-- Opening Marker --

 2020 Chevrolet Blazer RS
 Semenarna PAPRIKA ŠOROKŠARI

-- Closing Marker --
-- Opening Marker --

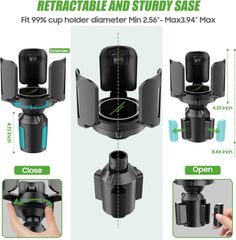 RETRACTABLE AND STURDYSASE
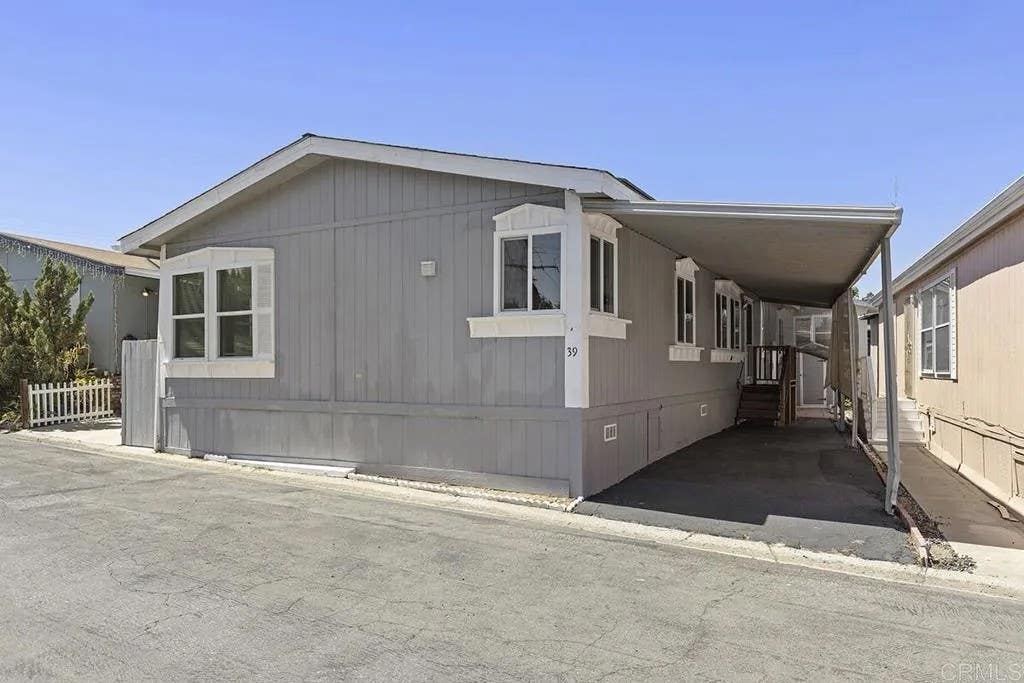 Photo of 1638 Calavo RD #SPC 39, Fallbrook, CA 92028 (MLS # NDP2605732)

-- Closing Marker --

Work task: Using the entries above, return exactly the lines from the line with "2020 Chevrolet Blazer RS" to the line with "Semenarna PAPRIKA ŠOROKŠARI", counting both of those lines.

Task solution:
 2020 Chevrolet Blazer RS
 Semenarna PAPRIKA ŠOROKŠARI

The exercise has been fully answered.